Stored entries
□ □ □ □ □ □ □
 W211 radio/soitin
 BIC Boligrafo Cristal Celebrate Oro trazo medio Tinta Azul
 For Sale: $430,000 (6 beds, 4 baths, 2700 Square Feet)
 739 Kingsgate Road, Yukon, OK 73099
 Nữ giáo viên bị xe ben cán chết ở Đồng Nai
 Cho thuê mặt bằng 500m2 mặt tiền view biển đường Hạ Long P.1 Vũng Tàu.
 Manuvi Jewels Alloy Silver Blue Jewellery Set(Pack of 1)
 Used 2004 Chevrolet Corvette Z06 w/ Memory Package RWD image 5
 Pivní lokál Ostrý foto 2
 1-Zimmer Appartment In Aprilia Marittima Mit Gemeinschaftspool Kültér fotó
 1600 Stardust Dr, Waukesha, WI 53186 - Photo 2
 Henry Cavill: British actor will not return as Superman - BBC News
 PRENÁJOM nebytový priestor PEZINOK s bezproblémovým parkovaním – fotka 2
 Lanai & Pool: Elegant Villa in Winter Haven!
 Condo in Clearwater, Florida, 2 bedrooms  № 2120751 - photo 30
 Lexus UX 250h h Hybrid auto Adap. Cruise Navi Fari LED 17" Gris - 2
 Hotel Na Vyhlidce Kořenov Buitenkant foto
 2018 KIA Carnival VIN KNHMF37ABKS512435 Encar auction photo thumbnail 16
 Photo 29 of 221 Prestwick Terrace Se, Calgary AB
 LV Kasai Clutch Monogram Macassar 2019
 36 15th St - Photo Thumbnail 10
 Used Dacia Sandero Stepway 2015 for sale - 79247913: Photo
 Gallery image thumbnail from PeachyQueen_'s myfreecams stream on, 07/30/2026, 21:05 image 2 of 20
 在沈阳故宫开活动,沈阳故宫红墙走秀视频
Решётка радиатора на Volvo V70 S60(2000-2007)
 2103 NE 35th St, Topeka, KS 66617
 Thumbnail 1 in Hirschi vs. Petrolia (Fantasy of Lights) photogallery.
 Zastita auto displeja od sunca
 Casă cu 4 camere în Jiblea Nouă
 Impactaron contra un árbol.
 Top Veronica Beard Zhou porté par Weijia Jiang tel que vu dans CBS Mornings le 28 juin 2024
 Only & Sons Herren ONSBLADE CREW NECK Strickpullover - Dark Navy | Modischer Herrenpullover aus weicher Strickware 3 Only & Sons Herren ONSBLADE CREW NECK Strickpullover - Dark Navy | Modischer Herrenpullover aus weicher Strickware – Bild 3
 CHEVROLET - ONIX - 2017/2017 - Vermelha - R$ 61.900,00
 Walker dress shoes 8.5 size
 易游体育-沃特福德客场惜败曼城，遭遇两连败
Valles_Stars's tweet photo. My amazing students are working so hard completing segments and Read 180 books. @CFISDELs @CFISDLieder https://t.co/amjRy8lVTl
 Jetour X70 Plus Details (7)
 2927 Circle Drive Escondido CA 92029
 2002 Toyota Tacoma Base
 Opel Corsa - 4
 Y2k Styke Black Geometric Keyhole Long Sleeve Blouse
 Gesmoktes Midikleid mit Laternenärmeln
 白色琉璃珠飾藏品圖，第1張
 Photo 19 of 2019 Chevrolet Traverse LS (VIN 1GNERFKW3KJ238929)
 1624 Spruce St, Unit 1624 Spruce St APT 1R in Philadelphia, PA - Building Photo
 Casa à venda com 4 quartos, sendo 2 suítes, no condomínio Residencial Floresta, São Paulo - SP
□ □ □ □ □ □ □
Exercise description
Repeat the lines above exactly.

Output
 W211 radio/soitin
 BIC Boligrafo Cristal Celebrate Oro trazo medio Tinta Azul
 For Sale: $430,000 (6 beds, 4 baths, 2700 Square Feet)
 739 Kingsgate Road, Yukon, OK 73099
 Nữ giáo viên bị xe ben cán chết ở Đồng Nai
 Cho thuê mặt bằng 500m2 mặt tiền view biển đường Hạ Long P.1 Vũng Tàu.
 Manuvi Jewels Alloy Silver Blue Jewellery Set(Pack of 1)
 Used 2004 Chevrolet Corvette Z06 w/ Memory Package RWD image 5
 Pivní lokál Ostrý foto 2
 1-Zimmer Appartment In Aprilia Marittima Mit Gemeinschaftspool Kültér fotó
 1600 Stardust Dr, Waukesha, WI 53186 - Photo 2
 Henry Cavill: British actor will not return as Superman - BBC News
 PRENÁJOM nebytový priestor PEZINOK s bezproblémovým parkovaním – fotka 2
 Lanai & Pool: Elegant Villa in Winter Haven!
 Condo in Clearwater, Florida, 2 bedrooms  № 2120751 - photo 30
 Lexus UX 250h h Hybrid auto Adap. Cruise Navi Fari LED 17" Gris - 2
 Hotel Na Vyhlidce Kořenov Buitenkant foto
 2018 KIA Carnival VIN KNHMF37ABKS512435 Encar auction photo thumbnail 16
 Photo 29 of 221 Prestwick Terrace Se, Calgary AB
 LV Kasai Clutch Monogram Macassar 2019
 36 15th St - Photo Thumbnail 10
 Used Dacia Sandero Stepway 2015 for sale - 79247913: Photo
 Gallery image thumbnail from PeachyQueen_'s myfreecams stream on, 07/30/2026, 21:05 image 2 of 20
 在沈阳故宫开活动,沈阳故宫红墙走秀视频
Решётка радиатора на Volvo V70 S60(2000-2007)
 2103 NE 35th St, Topeka, KS 66617
 Thumbnail 1 in Hirschi vs. Petrolia (Fantasy of Lights) photogallery.
 Zastita auto displeja od sunca
 Casă cu 4 camere în Jiblea Nouă
 Impactaron contra un árbol.
 Top Veronica Beard Zhou porté par Weijia Jiang tel que vu dans CBS Mornings le 28 juin 2024
 Only & Sons Herren ONSBLADE CREW NECK Strickpullover - Dark Navy | Modischer Herrenpullover aus weicher Strickware 3 Only & Sons Herren ONSBLADE CREW NECK Strickpullover - Dark Navy | Modischer Herrenpullover aus weicher Strickware – Bild 3
 CHEVROLET - ONIX - 2017/2017 - Vermelha - R$ 61.900,00
 Walker dress shoes 8.5 size
 易游体育-沃特福德客场惜败曼城，遭遇两连败
Valles_Stars's tweet photo. My amazing students are working so hard completing segments and Read 180 books. @CFISDELs @CFISDLieder https://t.co/amjRy8lVTl
 Jetour X70 Plus Details (7)
 2927 Circle Drive Escondido CA 92029
 2002 Toyota Tacoma Base
 Opel Corsa - 4
 Y2k Styke Black Geometric Keyhole Long Sleeve Blouse
 Gesmoktes Midikleid mit Laternenärmeln
 白色琉璃珠飾藏品圖，第1張
 Photo 19 of 2019 Chevrolet Traverse LS (VIN 1GNERFKW3KJ238929)
 1624 Spruce St, Unit 1624 Spruce St APT 1R in Philadelphia, PA - Building Photo
 Casa à venda com 4 quartos, sendo 2 suítes, no condomínio Residencial Floresta, São Paulo - SP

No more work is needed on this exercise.